After investigation into this issue, I found the root cause is that,
when virtiofsd is in "cache= none" mode, the entry_valid_timeout is
configured as 0.  Thus the dput() called when name_to_handle_at(2)
finishes will trigger iput -> evict(), in which FUSE_FORGET will be sent
to the daemon.  The following open_by_handle_at(2) will trigger a new
FUSE_LOOKUP request when no cached inode is found with the given file
handle.  And then the fuse daemon fails the FUSE_LOOKUP request with
-ENOENT as the cached metadata of the requested inode has already been
cleaned up among the previous FUSE_FORGET.

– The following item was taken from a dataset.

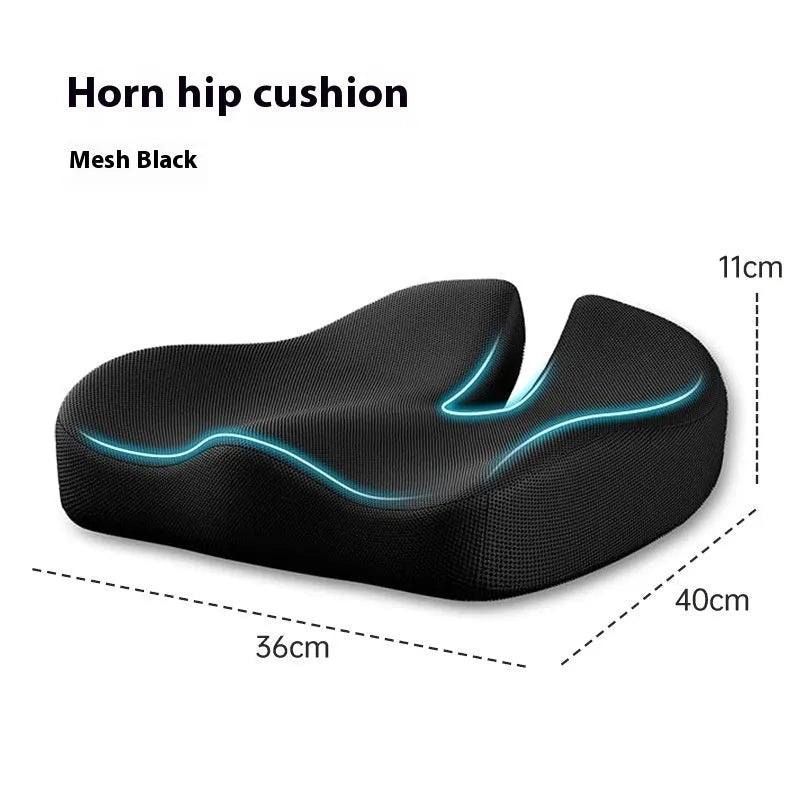 Dark grey memory foam office chair cushion for waist support, shown on a desk chair.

This indeed confuses the application, as open_by_handle_at(2) fails in
the condition of the previous name_to_handle_at(2) succeeds, given the
requested file is not deleted and ready there.  It is acceptable for the
application folks to fail name_to_handle_at(2) early in this case, in
which they will fallback to open(2) to access files.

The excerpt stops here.